CASE NO: EL 1637/2021

Shape1

 

(1) REPORTABLE: YES / NO

(2) OF INTEREST TO OTHER JUDGES: YES/NO

(3) REVISED.

 

…………………….. ………………………...

DATE SIGNATURE

 

 

 

 

 

 

 

 

 

 

 

In the matter between:

 

NDODOMZI DAVID NGANDELA Applicant

 

and

 

ABSA BANK LIMITED 1st Respondent

 

SHERIFF OF THE HIGH COURT 2nd Respondent

 

______________________________________________________________

 

J U D G M E N T

______________________________________________________________

DREYER AJ

Introduction

[1] In 2019, the applicant secured finance from the respondent, ABSA Bank Limited (“Absa Bank”) for the finance of a 2018 Volkswagen Golf V11 GTI 2.1 SI, with engine number […] and chassis number […] (“the motor vehicle”). The finance for the purchase of the motor vehicle was regulated by an instalment sale agreement. The applicant failed to make certain monthly instalment payments.
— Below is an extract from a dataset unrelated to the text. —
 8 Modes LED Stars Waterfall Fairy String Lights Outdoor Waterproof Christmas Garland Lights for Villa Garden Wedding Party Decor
After issuing summons against the applicant, on 25 March 2022, the registrar of this court (“the Registrar”), granted Absa Bank default judgement which included inter alia the confirmation of the cancellation of the instalment sale agreement and that the applicant deliver the motor vehicle to Absa Bank.

[2] This judgement concerns the validity the default judgement granted by the Registrar.

[3] A number of recent decisions have considered the power of the registrar to grant default judgement relating to credit agreements. In the decisions of Theu v FirstRand Auto Receivables (RF) Limited and another 1; Xulu v Standard Bank of South Africa Limited and Others2; and Seleka v Fast Issuer SPV ( RF) Limited and Another3, the courts have held that the registrar of the court is not empowered to grant such default judgement.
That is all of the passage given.